In the eyes of high-powered Republican Party officials, former Florida Gov. Jeb Bush (R) may not be the shoe-in presidential candidate they were hoping for.
On the evening of his campaign launch, many long-time Republican Party officials expressed their concern that the younger Bush hadn't performed better in the months since launching his presidential exploratory committee.
“He just hasn’t met the expectation level of what we expected of a Bush,” Sen. John McCain (R-Arizona), who supports Lindsay Graham's presidential bid, told The New York Times on Sunday.
Trouble with questions on Iraq, mediocre polling numbers, staff shakeups, and a failure to intimidate primary opponents has left some in Bush's orbit worried about his nomination prospects.
Many operatives on both sides expressed disbelief last month when Bush appeared to say that he would have invaded Iraq in 2003 even knowing what he knows now. It took Bush days and four different versions of his answer to finally admit that he would not have invaded Iraq.
It's important to note that Bush isn't the only Republican candidate to fumble Iraq questions. Sen. Marco Rubio's (R-Florida) attempts to assuage hawks in the Republican Party while not embracing the unpopular war has caused him to walk back some of his seemingly pro-Iraq War comments.
In any case, many had hoped that Bush's experience on the presidential campaign trail working on his father and brother's presidential bids would help the younger Bush avoid some of the pratfalls that plague other first-time presidential candidates.
Bush has also suffered from mediocre numbers when polled against primary opponents. Bush is in a uniquely difficult position compared to some of his opponents who can cast themselves as insurgents. Bush's support for immigration reform and Common Core education standards have made him deeply unpopular with some conservative voters.
Bush's lackluster polling numbers also appear to have emboldened establishment candidates who can challenge him from the middle. Bush will likely find himself splitting moderate Republican primary voters with Ohio Gov.
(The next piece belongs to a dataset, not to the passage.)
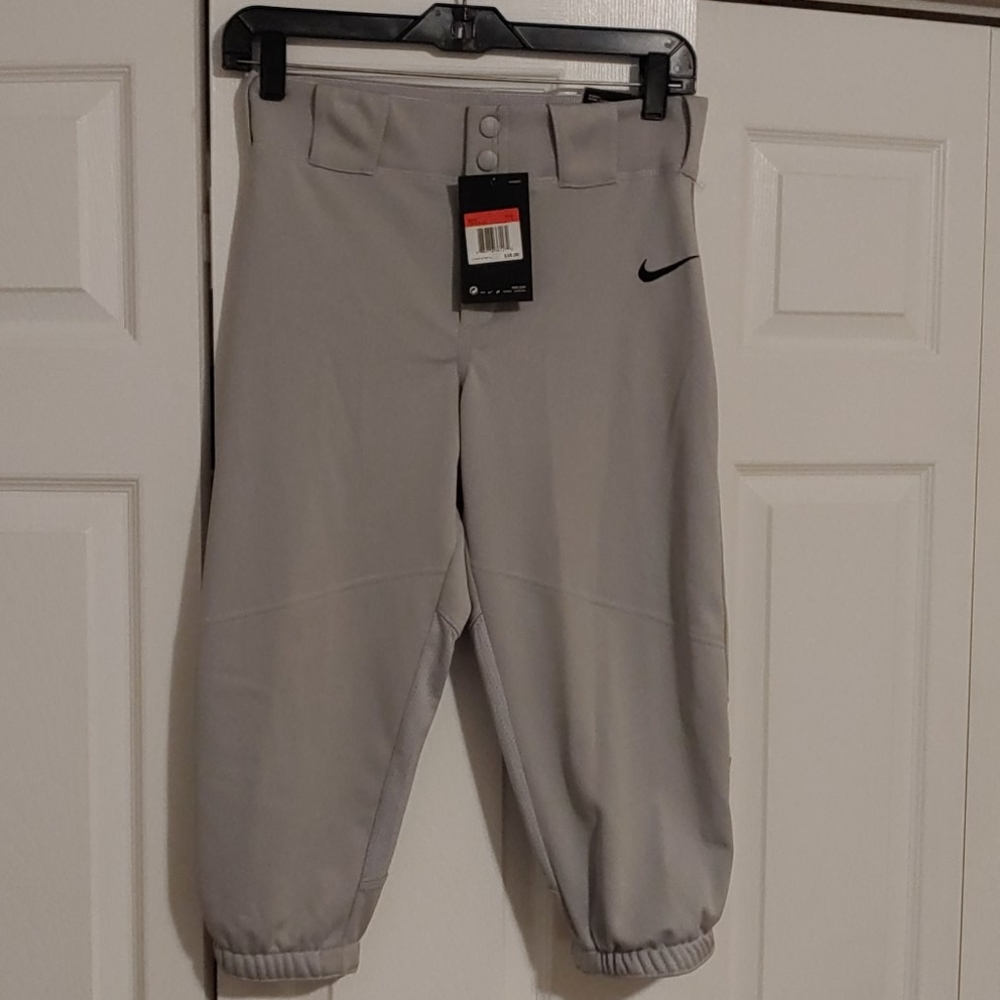 Nike Vapour Pro Slim Fit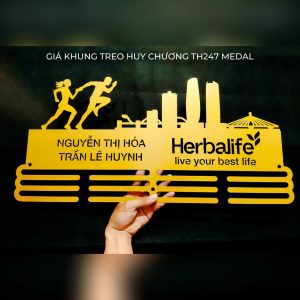 gia-khung-treo-huy-chuong-0974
John Kasich (R), New Jersey Gov. Chris Christie (R), and even former New York Gov. George Pataki (R).
"I thought Jeb would take up all the oxygen," Kasich said, according to the Sun Sentinel. "He hasn't."
People close to Bush said that the former governor has spent the time in the ramp-up to his campaign focusing on raising money. Once the campaign begins in earnest on Monday, The Times reports that Bush will focus more on retail politics in primary states.
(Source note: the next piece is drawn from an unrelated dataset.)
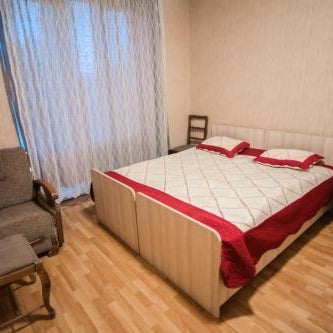 Teli Guest House Thumbnail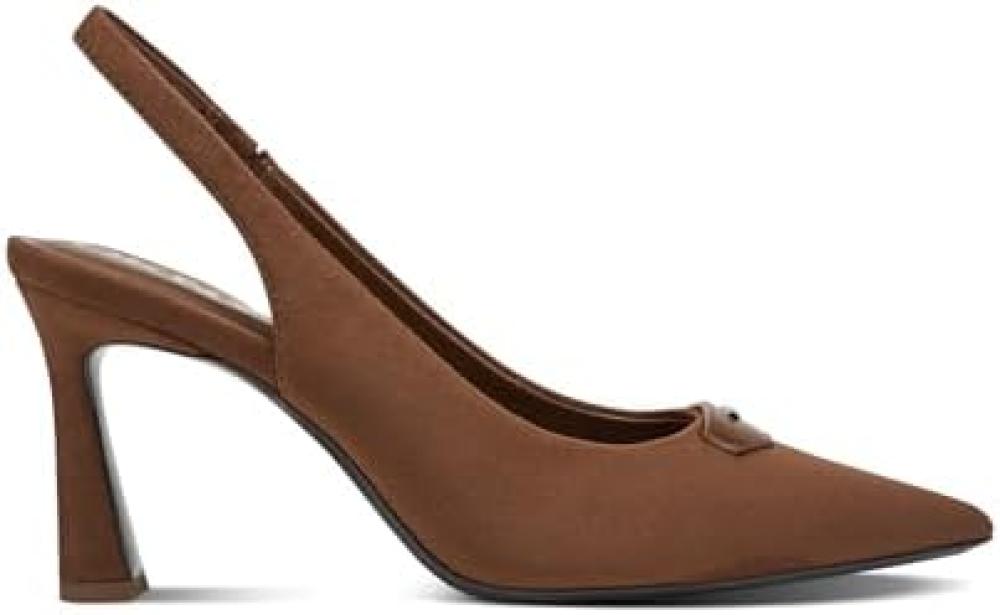 حذاء DKNY مقاس 39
Bolstered by his father and brother's vast network of rich donors, Bush still maintains a serious advantage in fundraising, with analysts saying that his super PAC, Right to Rise, is on target to reach the $100 million benchmark that they set at the beginning of the year.
According to The Times, Bush is expected to flood the airwaves in early primary states with fundraising sums that will be announced in July.
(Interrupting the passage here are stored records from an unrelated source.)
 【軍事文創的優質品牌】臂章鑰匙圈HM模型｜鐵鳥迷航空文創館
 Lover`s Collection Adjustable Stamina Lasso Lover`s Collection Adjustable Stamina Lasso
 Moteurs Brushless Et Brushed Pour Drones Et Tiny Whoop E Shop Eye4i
With his campaign launch on Monday, Bush is making some changes to address concerns. He's shaken up his staff and appointed a new campaign manager. As The Times notes, Bush's new campaign manager is expected to aggressively go after Republican primary opponents.
Bush is also taking some small steps to distance himself from the unpopular legacy of his brother. On Sunday, Bush debuted his campaign logo. As many expected, it notably omitted his last name.
Ironically, given McCain's statement, Bush's reluctance to distance himself from his father and brother could also become an issue. Last month, the former Florida governor conceded that it was difficult for him to criticize his brother.
"I'm a Bush, I'm proud of it. Like what am I supposed to say?" Bush told The New York Times in May.
"I love my mom and dad. I love my brother, and people are just going to have to get over that," Bush said.